The definition of synagogue is listed as a "place of assembly for worship, education, and communal affairs," however the origins are uncertain (Synagogue Pp).

One tradition dates the origin of the synagogue to the Babylonian exile of the 6th century B.C., assuming that the returnees brought back the basic structure that was to be developed by the 1st century a.D. "into a well-defined institution around which Jewish religious, intellectual, and communal life was to be centered from this earliest period into the present" (Synagogue Pp).
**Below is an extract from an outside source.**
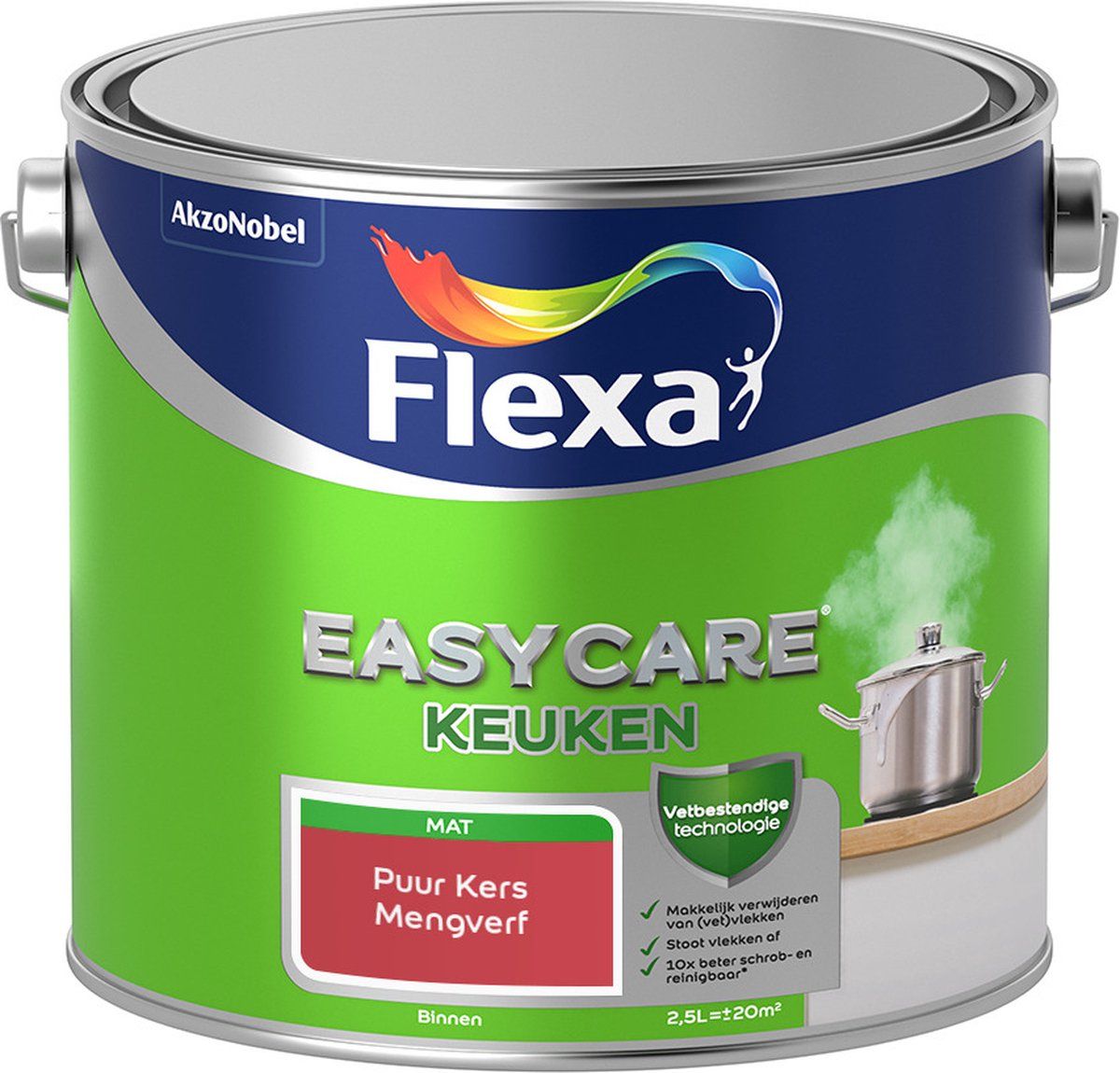 FLEXA Easycare Muurverf - Keuken - Mat - Mengkleur - Puur Kers - 2,5 liter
While others believe that the synagogue originated after the Hasmonean revolt, 167-164 B.C., as a Pharisaic alternative to the Temple cult (Synagogue Pp).

The destruction of the Temple in 70 a.D. And the Diaspora during the following centuries increased the importance of the synagogue (Synagogue Pp).

Services in the synagogue were conducted in a simpler manner than in the Temple, rather than an officially appointed priest, services were conducted by a chazan or reader (Synagogue Pp).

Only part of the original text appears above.